◆ HOW TO COMPLETE THIS TASK
Please leave out pictures and print exactly the lines from the one that has "Ортопедична цервикална възглавница - Somnus™" through the last line of the material below.
(RECORDS SUPPLIED begins)
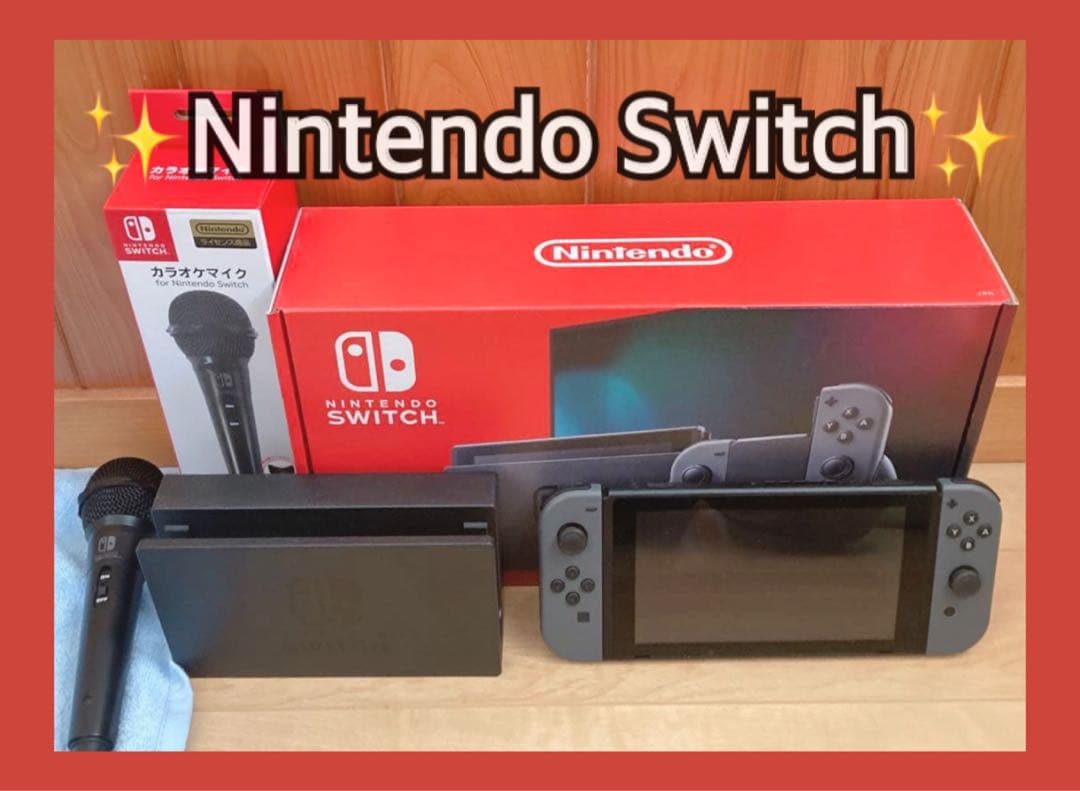 ぽん⭐︎【美品】Nintendo Switch 本体　カラオケマイクセット Amazon | Switch用 カラオケマイク | 本体・周辺機器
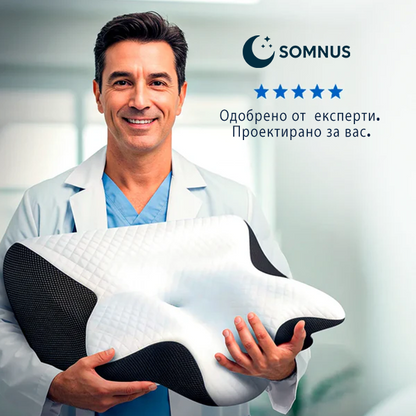 Ортопедична цервикална възглавница - Somnus™
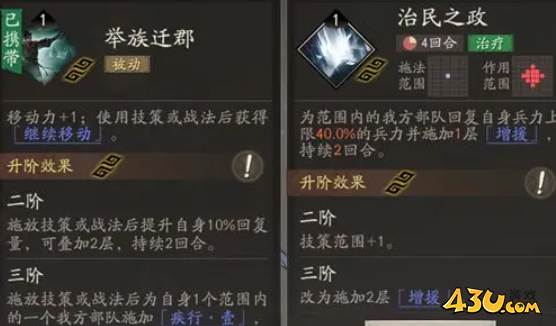 《三国望神州》李典配队效果怎么样 李典配队效果一览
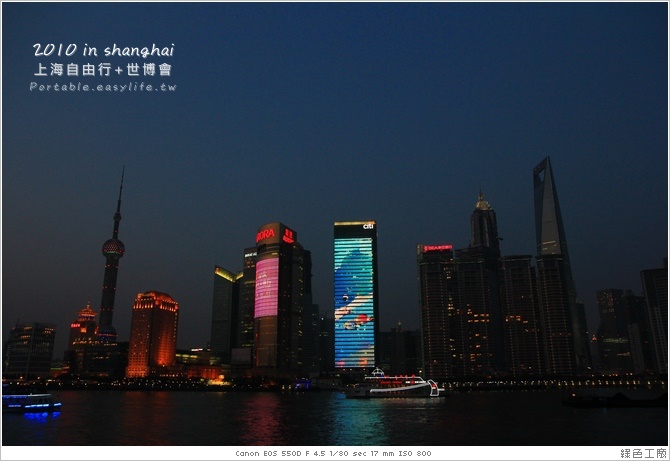 上海自由行。上海外灘景色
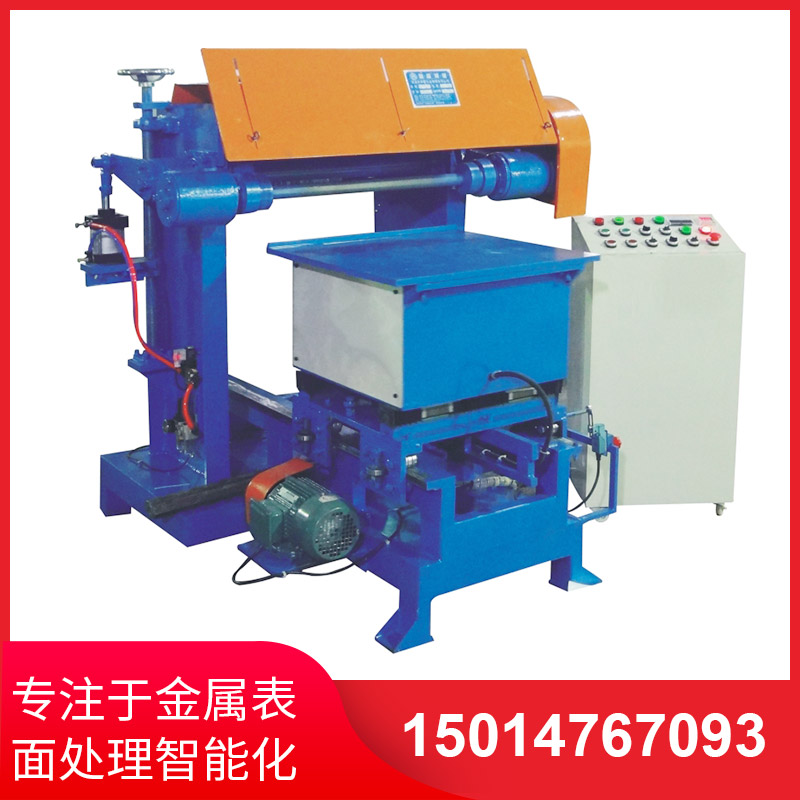 平(ping)麵(mian)自(zi)動抛光(guang)機(ji)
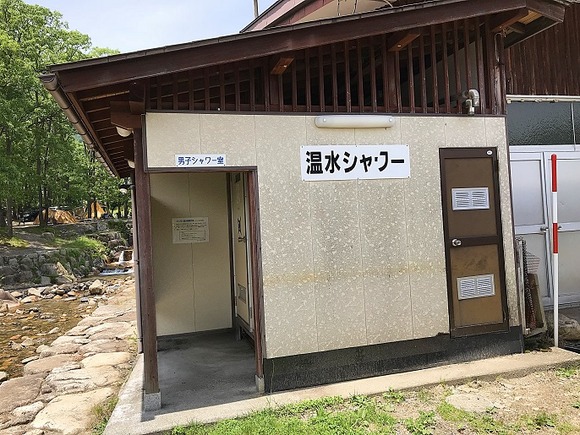 2018052795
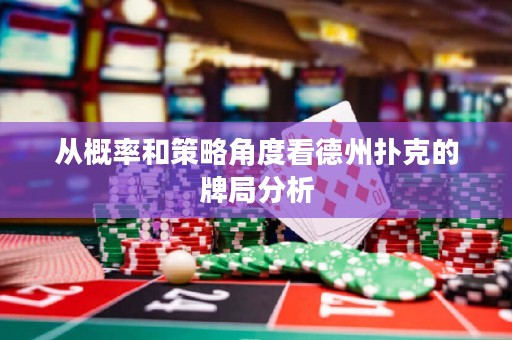 從概率和策略角度看德州撲克的牌局分析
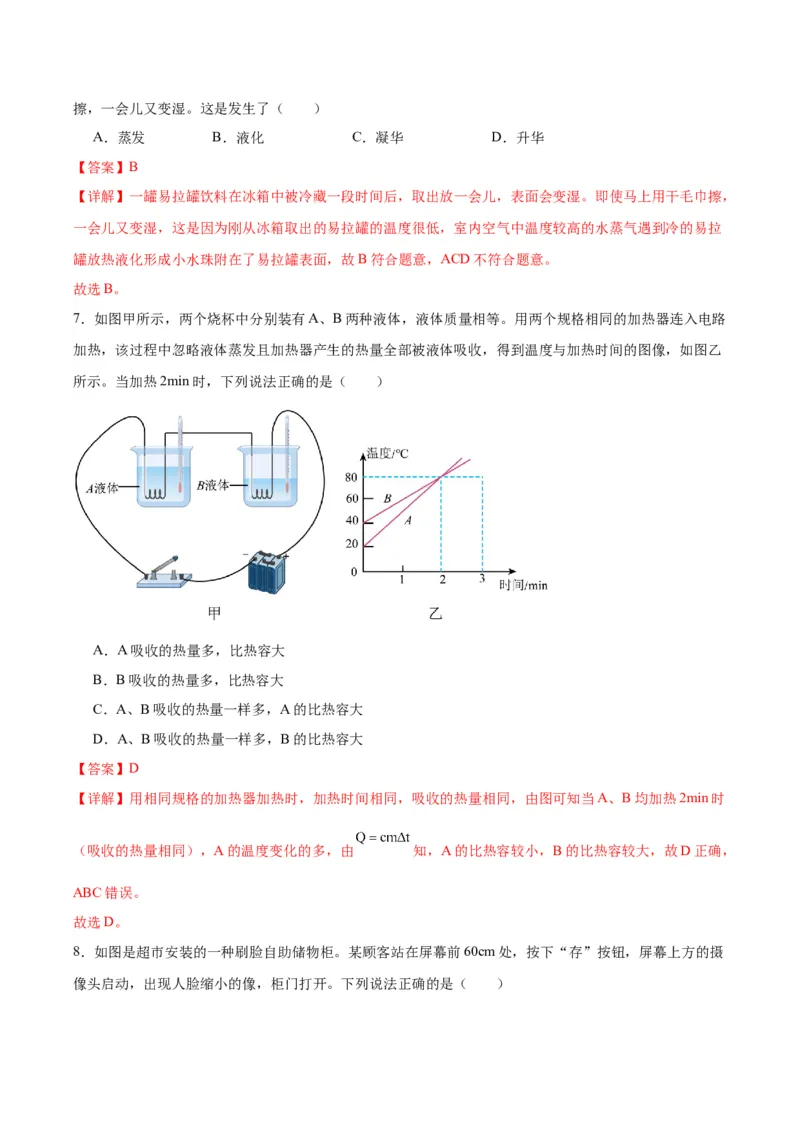 物理（主文件，476页）-2024年中考考前最后一课_8、物理总复习_2024年中考复习资料_三轮复习_2024年中考物理考前最后一课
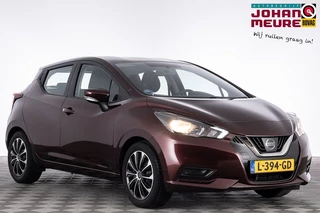 Nissan Micra 1.0 IG-T Acenta | AIRCO | Trekhaak ✅ 1e Eigenaar .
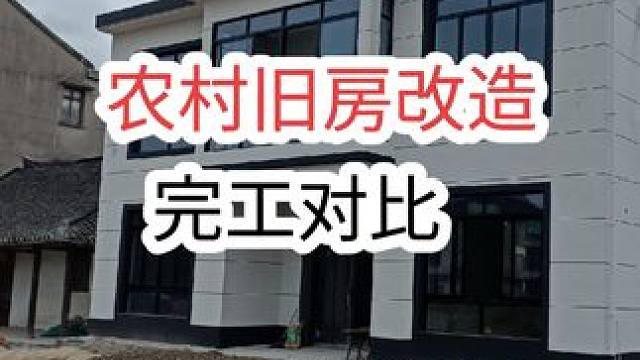 80年代旧房翻新小别墅，效果满意#房屋改造 #改造 #美丽乡村建设 #乡村改造 #旧房改造翻新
(RECORDS SUPPLIED ends)
◆ EXPECTED OUTPUT
 Ортопедична цервикална възглавница - Somnus™
 《三国望神州》李典配队效果怎么样 李典配队效果一览
 上海自由行。上海外灘景色
 平(ping)麵(mian)自(zi)動抛光(guang)機(ji)
 2018052795
 從概率和策略角度看德州撲克的牌局分析
 物理（主文件，476页）-2024年中考考前最后一课_8、物理总复习_2024年中考复习资料_三轮复习_2024年中考物理考前最后一课
 Nissan Micra 1.0 IG-T Acenta | AIRCO | Trekhaak ✅ 1e Eigenaar .
 80年代旧房翻新小别墅，效果满意#房屋改造 #改造 #美丽乡村建设 #乡村改造 #旧房改造翻新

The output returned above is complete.